=== Supplied material ===
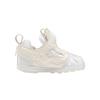 Reebok Versa Pump Fury Casual Low Top Walking Shoes Baby sneaker Beige FV7441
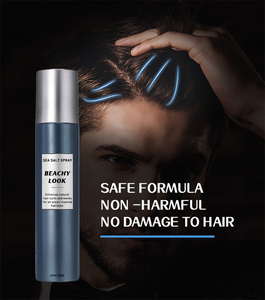 Spray éclaircissant au sel de mer Aloe Vera pour hommes aux cheveux secs ou bouclés Private Label Fort Custom Highlight - Product Image 2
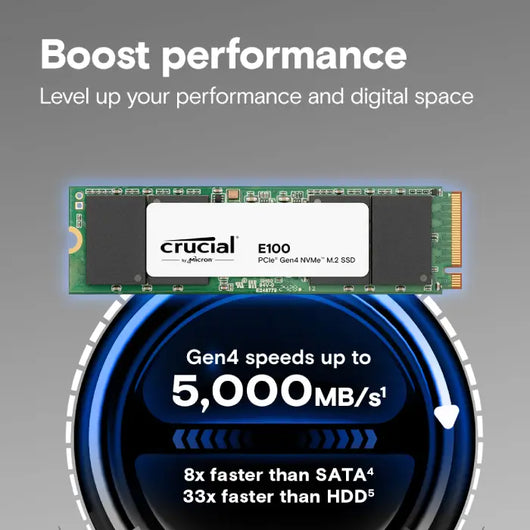 SSD CRUCIAL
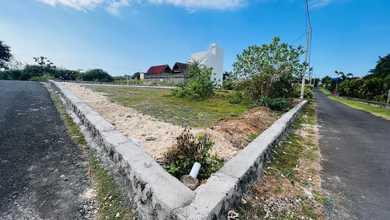 Tanah Elit Dijual di Kuta, Badung, Harga 836 Miliar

=== What the task requires ===
All text in the material above must be written out exactly; the images are to be skipped.

=== Written solution ===
 Reebok Versa Pump Fury Casual Low Top Walking Shoes Baby sneaker Beige FV7441
 Spray éclaircissant au sel de mer Aloe Vera pour hommes aux cheveux secs ou bouclés Private Label Fort Custom Highlight - Product Image 2
 SSD CRUCIAL
 Tanah Elit Dijual di Kuta, Badung, Harga 836 Miliar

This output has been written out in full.